Since 2009, there have been a variety of public concerns about the construction, especially in local districts. Heathrow is the second busiest airport in the world by international passenger traffic, and the busiest in Europe; the runway would likely add increased noise and overcrowding, and require the demolition of homes to build.

But the basis for the ruling was environmental, specifically the increased carbon emissions likely to be caused by a potential 700 new planes flying in and out of Heathrow every day. That would prove inconsistent with the goals affirmed by Britain and almost 200 other nations in the Paris Agreement: reaching zero net emissions by 2050, and of keeping global temperatures from rising more than 2 degrees Celsius.

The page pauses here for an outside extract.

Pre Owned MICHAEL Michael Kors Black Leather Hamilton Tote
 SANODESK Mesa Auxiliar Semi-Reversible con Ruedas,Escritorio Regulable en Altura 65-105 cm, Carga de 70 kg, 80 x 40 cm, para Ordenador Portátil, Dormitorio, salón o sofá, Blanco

While the judgment stops short of saying new runway construction is totally illegal—rather declaring it “legally fatal in its present form”—the British government said Thursday it wouldn’t appeal the decision and escalate it to the Supreme Court. Prime Minister Boris Johnson personally opposed the project from the get-go when he was London mayor, then saying he’d “lie down in front of the bulldozers” to stop it going ahead. (That’s not the first time Johnson has used a tractor metaphor; he also quite literally bulldozed through a wall to symbolize Brexit breaking through the gridlock.)

London’s current mayor, Sadiq Khan, is also opposed. “Today’s landmark Heathrow judgment is a victory for Londoners,” he said in a statement Thursday. “We face a climate emergency and I’m delighted that the Court of Appeal has recognized that the government cannot ignore its climate change responsibilities.”

While the judgment doesn’t rule out new airport expansion plans, it does prove the potency of the internationally backed Paris Agreement, from which the United States announced its withdrawal in 2017.